Ciò è probabilmente dovuto al fatto che il metodo può essere utilizzato anche per analizzare complesse interazioni sociali nelle comunità animali, come identificare quali animali accudiscono altri membri del loro gruppo e con quale frequenza ciò si verifica. “Il nostro metodo offre alcuni importanti vantaggi rispetto ai precedenti algoritmi di analisi comportamentale basati sull’apprendimento automatico, soprattutto quando si tratta di analizzare il comportamento sociale in contesti complessi”, afferma Marks.

Miglioramento delle condizioni per gli animali in cura umana

Il nuovo metodo può essere utilizzato anche per migliorare la zootecnia, consentendo il monitoraggio 24 ore su 24 per individuare automaticamente i comportamenti anomali. Rilevando le interazioni sociali avverse o l’insorgenza precoce di malattie, i detentori possono rispondere rapidamente per migliorare le condizioni degli animali a loro affidati.
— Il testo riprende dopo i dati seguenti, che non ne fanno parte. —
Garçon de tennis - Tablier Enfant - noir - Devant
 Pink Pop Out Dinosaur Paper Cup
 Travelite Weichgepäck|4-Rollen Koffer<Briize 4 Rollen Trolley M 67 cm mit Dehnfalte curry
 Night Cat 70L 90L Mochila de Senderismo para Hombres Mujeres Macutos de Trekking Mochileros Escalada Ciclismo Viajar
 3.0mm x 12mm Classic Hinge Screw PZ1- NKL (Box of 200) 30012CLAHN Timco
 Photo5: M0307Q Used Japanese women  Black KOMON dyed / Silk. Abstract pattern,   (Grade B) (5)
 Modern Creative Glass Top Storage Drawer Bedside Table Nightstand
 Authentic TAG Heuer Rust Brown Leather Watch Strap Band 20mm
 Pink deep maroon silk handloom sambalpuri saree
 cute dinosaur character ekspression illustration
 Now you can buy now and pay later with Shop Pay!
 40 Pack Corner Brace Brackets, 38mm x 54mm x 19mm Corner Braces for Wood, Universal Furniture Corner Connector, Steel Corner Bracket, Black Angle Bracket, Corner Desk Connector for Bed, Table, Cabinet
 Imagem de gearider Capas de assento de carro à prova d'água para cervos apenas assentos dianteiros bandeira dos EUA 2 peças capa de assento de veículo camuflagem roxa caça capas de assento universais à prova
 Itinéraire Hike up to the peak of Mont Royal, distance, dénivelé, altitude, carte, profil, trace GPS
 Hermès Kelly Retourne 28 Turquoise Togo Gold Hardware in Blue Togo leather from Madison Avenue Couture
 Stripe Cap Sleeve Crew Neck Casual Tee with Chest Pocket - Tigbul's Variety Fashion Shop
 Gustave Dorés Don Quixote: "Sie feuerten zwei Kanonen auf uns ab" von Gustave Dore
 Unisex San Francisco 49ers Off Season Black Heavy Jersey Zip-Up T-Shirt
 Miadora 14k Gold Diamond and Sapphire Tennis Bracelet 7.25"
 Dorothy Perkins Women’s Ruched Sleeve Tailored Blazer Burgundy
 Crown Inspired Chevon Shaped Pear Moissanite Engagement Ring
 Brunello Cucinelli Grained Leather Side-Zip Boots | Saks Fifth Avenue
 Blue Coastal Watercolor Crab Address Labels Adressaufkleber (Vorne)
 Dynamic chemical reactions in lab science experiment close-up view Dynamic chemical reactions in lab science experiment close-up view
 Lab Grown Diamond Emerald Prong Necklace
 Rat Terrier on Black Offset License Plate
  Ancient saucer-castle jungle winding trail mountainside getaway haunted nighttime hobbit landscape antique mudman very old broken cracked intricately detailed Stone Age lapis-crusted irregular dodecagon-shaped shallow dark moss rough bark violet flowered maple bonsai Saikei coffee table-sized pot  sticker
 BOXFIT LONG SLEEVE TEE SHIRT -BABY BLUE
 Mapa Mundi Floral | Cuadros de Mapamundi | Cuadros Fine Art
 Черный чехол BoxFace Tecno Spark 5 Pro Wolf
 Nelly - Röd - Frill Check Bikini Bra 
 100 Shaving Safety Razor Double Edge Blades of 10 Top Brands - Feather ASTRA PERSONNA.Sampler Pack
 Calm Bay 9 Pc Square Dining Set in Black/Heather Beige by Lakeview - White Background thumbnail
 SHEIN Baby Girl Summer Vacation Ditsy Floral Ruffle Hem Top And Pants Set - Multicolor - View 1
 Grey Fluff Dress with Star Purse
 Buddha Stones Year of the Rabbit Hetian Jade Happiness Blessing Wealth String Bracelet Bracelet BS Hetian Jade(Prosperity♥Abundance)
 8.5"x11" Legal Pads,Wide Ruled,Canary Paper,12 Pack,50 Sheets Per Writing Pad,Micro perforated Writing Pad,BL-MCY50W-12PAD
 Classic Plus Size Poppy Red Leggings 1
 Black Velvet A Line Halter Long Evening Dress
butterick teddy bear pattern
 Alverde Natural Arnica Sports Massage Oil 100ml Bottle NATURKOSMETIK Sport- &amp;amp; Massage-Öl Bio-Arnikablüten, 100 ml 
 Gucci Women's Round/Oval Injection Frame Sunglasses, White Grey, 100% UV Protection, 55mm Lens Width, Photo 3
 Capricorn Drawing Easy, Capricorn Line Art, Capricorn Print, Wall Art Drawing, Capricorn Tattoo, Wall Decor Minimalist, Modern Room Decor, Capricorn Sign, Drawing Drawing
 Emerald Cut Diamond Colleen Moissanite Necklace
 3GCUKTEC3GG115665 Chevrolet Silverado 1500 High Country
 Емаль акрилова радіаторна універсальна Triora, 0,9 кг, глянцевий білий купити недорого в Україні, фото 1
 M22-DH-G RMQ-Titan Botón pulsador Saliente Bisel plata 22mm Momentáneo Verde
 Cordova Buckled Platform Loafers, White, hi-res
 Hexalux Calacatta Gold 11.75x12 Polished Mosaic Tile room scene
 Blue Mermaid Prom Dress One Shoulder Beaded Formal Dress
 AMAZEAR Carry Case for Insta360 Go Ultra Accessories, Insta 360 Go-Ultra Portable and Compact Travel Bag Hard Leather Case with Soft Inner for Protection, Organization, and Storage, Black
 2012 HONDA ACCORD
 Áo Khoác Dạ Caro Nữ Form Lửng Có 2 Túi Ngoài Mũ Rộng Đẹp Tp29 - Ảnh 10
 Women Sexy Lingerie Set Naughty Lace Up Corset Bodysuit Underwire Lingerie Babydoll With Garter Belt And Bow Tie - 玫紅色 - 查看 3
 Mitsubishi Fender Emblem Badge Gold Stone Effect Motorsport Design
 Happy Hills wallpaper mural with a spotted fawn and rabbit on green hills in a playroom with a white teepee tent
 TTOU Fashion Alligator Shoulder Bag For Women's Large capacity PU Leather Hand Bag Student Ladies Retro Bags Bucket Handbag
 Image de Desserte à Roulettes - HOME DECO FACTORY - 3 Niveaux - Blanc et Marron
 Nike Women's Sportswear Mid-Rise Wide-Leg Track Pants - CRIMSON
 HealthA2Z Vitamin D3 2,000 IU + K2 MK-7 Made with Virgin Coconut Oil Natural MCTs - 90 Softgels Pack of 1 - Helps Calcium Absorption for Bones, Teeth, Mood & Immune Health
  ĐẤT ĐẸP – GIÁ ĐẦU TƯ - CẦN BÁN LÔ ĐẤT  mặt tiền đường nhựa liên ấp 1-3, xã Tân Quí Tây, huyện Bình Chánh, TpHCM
I ricercatori dell’ETH stanno attualmente collaborando anche con lo zoo di Zurigo, che vuole migliorare ulteriormente la sua zootecnia e condurre ricerche comportamentali automatizzate. Ad esempio, in uno studio pubblicato di recente che esamina i modelli di comportamento del sonno degli elefanti, i ricercatori dello zoo hanno dovuto annotare manualmente le registrazioni video notturne. La loro speranza è che il nuovo metodo consenta loro di automatizzare e migliorare tali risultati in futuro.

Infine, il metodo è utilizzato nella ricerca fondamentale nei campi della biologia, neurobiologia e medicina. “Il nostro metodo è in grado di riconoscere anche cambiamenti comportamentali sottili o rari negli animali da ricerca, come segni di stress, ansia o disagio”, afferma Yanik. “Pertanto, non solo può aiutare a migliorare la qualità degli studi sugli animali, ma aiuta anche a ridurre il numero di animali e il loro sforzo”. Il professore dell’ETH di Zurigo intende utilizzare lui stesso il metodo nell’ambito della sua ricerca neurobiologica nel campo dell’apprendimento per imitazione.